◆ **Extracted data**
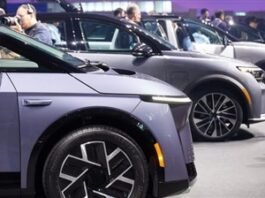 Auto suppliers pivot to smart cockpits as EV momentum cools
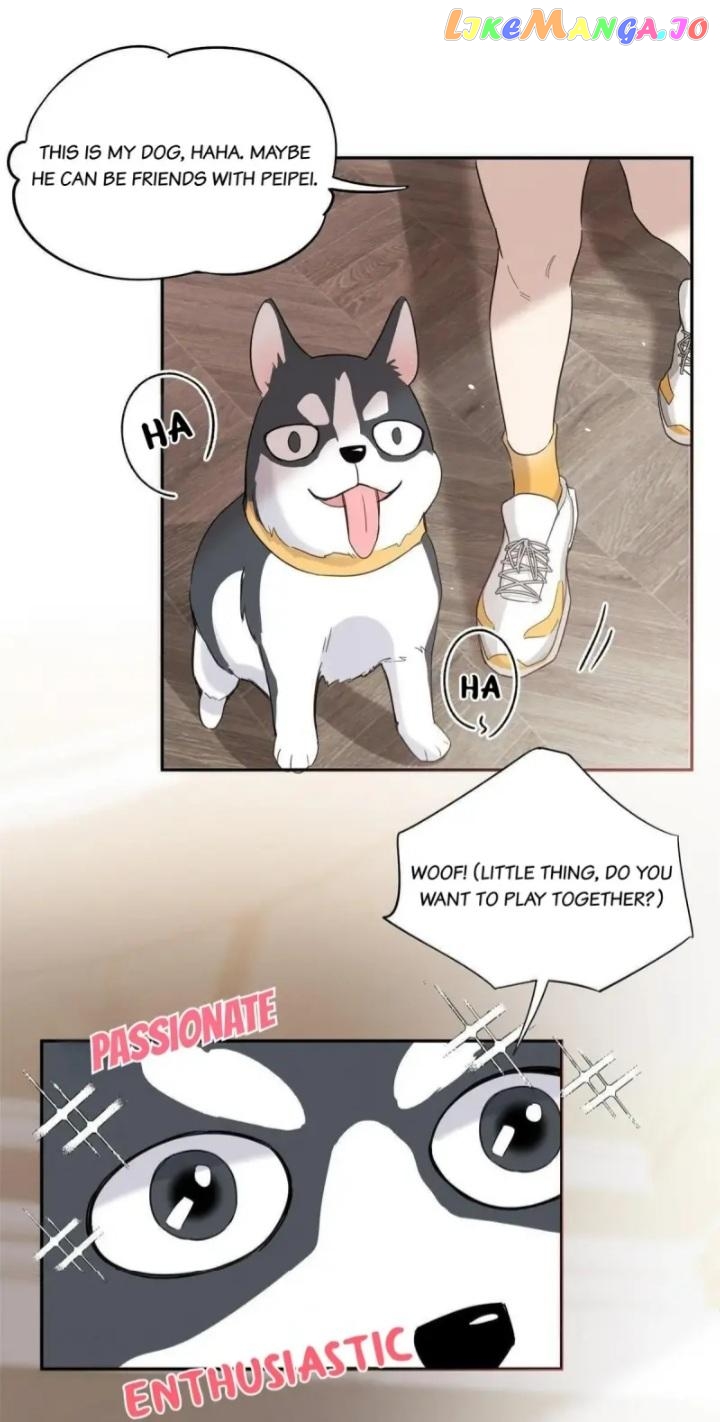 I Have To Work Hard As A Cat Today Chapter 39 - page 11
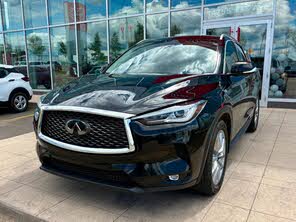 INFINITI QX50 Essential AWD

...

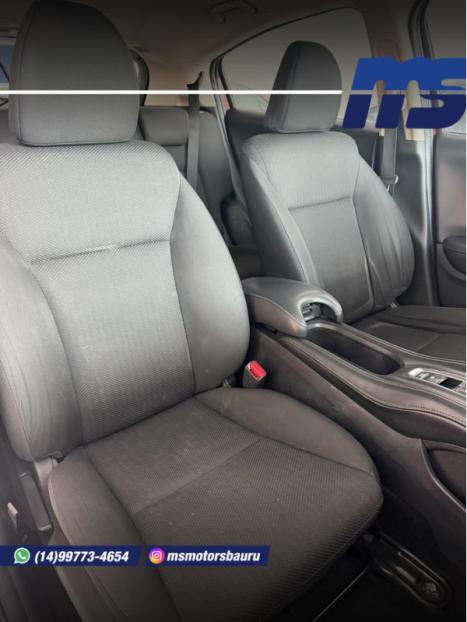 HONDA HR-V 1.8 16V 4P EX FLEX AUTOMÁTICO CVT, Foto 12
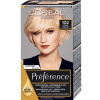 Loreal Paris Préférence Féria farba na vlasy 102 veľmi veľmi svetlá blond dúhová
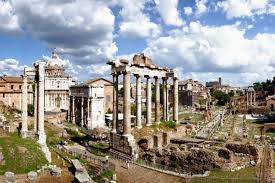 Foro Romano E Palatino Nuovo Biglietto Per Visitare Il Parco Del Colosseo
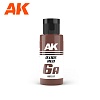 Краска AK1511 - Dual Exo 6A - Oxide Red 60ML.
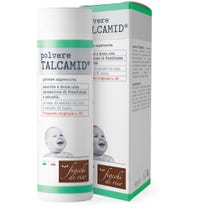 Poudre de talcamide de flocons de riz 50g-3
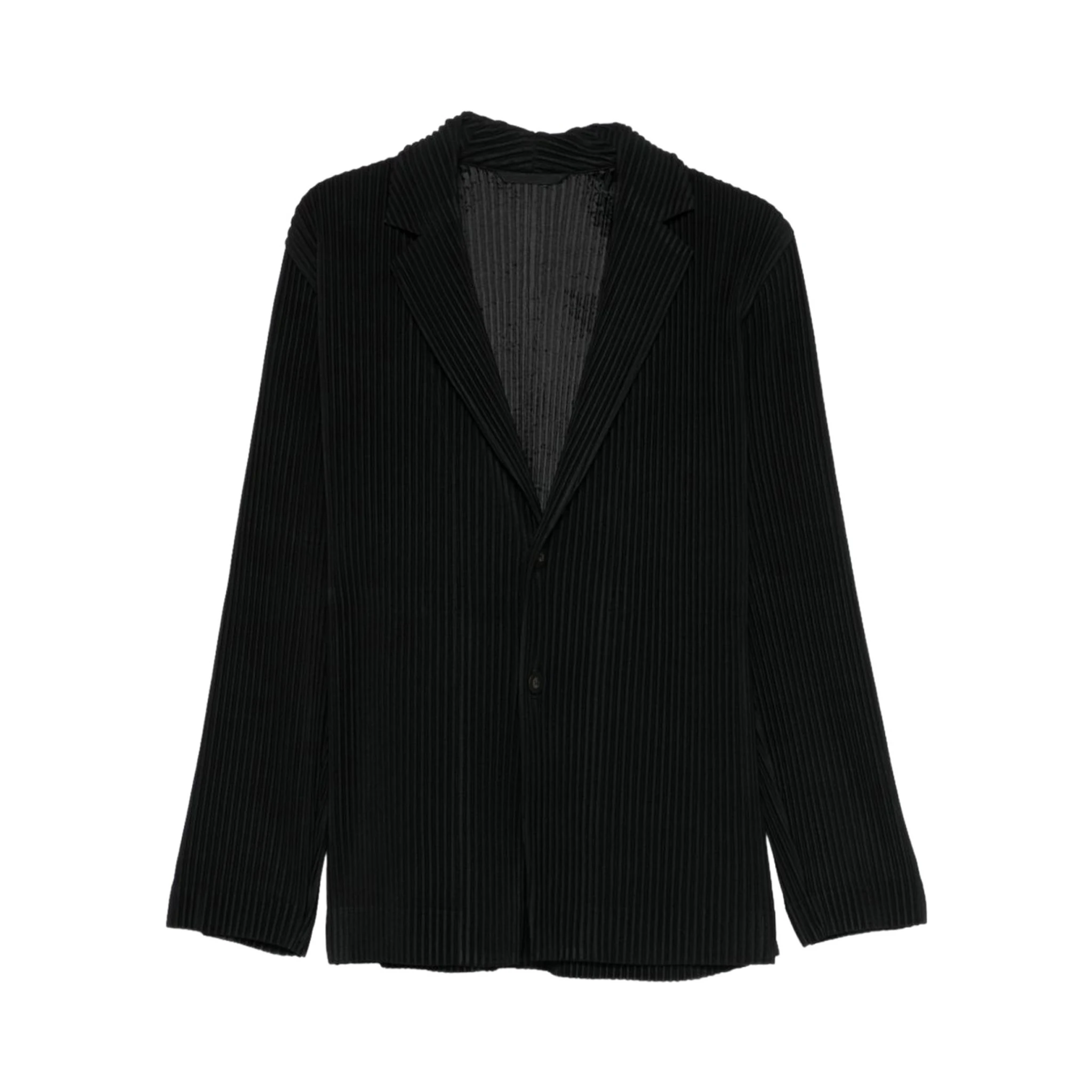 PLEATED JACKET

---

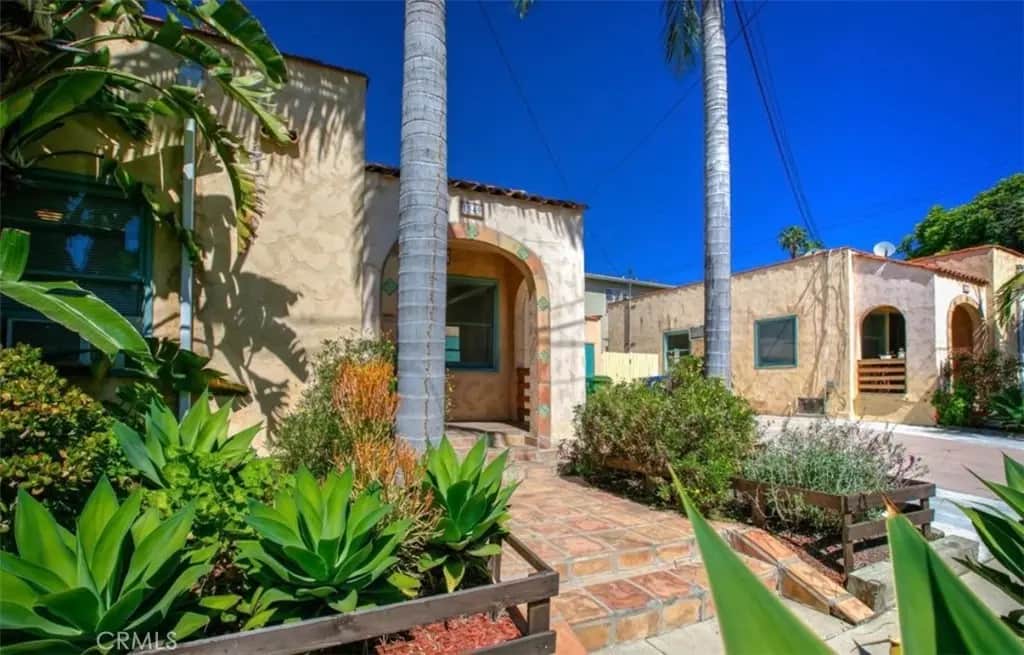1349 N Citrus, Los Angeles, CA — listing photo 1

◆ **Required action**
Lines from the one above containing "Auto suppliers pivot" down to the one containing "INFINITI QX50 Essential AWD" should be transcribed exactly, with both ends kept and no pictures.

◆ **Solution to this task**
 Auto suppliers pivot to smart cockpits as EV momentum cools
 I Have To Work Hard As A Cat Today Chapter 39 - page 11
 INFINITI QX50 Essential AWD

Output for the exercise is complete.